* What you need to do
Copy all of the data that follows without altering a word.

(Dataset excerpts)
+--

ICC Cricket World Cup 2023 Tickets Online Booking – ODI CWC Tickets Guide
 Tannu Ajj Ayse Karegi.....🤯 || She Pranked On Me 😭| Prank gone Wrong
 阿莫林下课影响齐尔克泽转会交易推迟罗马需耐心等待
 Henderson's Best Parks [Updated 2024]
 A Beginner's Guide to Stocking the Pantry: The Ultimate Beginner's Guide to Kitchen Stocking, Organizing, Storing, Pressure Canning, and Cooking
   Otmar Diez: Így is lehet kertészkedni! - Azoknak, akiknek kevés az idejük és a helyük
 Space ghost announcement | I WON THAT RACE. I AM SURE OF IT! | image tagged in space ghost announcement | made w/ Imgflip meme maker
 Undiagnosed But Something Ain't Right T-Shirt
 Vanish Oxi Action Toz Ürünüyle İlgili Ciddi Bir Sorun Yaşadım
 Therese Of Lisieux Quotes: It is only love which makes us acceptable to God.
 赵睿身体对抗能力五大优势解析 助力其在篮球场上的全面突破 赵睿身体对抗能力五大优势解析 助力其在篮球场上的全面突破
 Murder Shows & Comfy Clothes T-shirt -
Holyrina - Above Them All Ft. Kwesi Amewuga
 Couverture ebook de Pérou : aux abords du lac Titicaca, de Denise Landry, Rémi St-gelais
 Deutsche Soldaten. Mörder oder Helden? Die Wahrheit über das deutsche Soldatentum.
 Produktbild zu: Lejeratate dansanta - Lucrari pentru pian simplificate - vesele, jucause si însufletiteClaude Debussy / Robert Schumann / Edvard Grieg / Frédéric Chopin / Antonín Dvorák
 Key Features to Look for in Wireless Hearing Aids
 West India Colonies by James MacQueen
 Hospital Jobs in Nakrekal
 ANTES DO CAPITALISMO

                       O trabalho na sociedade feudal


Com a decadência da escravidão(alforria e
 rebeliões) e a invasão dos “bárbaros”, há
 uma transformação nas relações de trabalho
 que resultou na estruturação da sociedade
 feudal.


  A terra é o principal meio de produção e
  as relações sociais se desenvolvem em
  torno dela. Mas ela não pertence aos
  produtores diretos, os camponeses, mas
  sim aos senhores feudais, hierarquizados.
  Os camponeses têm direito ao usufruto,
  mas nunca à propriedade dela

+--

* Result of this exercise
ICC Cricket World Cup 2023 Tickets Online Booking – ODI CWC Tickets Guide
 Tannu Ajj Ayse Karegi.....🤯 || She Pranked On Me 😭| Prank gone Wrong
 阿莫林下课影响齐尔克泽转会交易推迟罗马需耐心等待
 Henderson's Best Parks [Updated 2024]
 A Beginner's Guide to Stocking the Pantry: The Ultimate Beginner's Guide to Kitchen Stocking, Organizing, Storing, Pressure Canning, and Cooking
   Otmar Diez: Így is lehet kertészkedni! - Azoknak, akiknek kevés az idejük és a helyük
 Space ghost announcement | I WON THAT RACE. I AM SURE OF IT! | image tagged in space ghost announcement | made w/ Imgflip meme maker
 Undiagnosed But Something Ain't Right T-Shirt
 Vanish Oxi Action Toz Ürünüyle İlgili Ciddi Bir Sorun Yaşadım
 Therese Of Lisieux Quotes: It is only love which makes us acceptable to God.
 赵睿身体对抗能力五大优势解析 助力其在篮球场上的全面突破 赵睿身体对抗能力五大优势解析 助力其在篮球场上的全面突破
 Murder Shows & Comfy Clothes T-shirt -
Holyrina - Above Them All Ft. Kwesi Amewuga
 Couverture ebook de Pérou : aux abords du lac Titicaca, de Denise Landry, Rémi St-gelais
 Deutsche Soldaten. Mörder oder Helden? Die Wahrheit über das deutsche Soldatentum.
 Produktbild zu: Lejeratate dansanta - Lucrari pentru pian simplificate - vesele, jucause si însufletiteClaude Debussy / Robert Schumann / Edvard Grieg / Frédéric Chopin / Antonín Dvorák
 Key Features to Look for in Wireless Hearing Aids
 West India Colonies by James MacQueen
 Hospital Jobs in Nakrekal
 ANTES DO CAPITALISMO

                       O trabalho na sociedade feudal


Com a decadência da escravidão(alforria e
 rebeliões) e a invasão dos “bárbaros”, há
 uma transformação nas relações de trabalho
 que resultou na estruturação da sociedade
 feudal.


  A terra é o principal meio de produção e
  as relações sociais se desenvolvem em
  torno dela. Mas ela não pertence aos
  produtores diretos, os camponeses, mas
  sim aos senhores feudais, hierarquizados.
  Os camponeses têm direito ao usufruto,
  mas nunca à propriedade dela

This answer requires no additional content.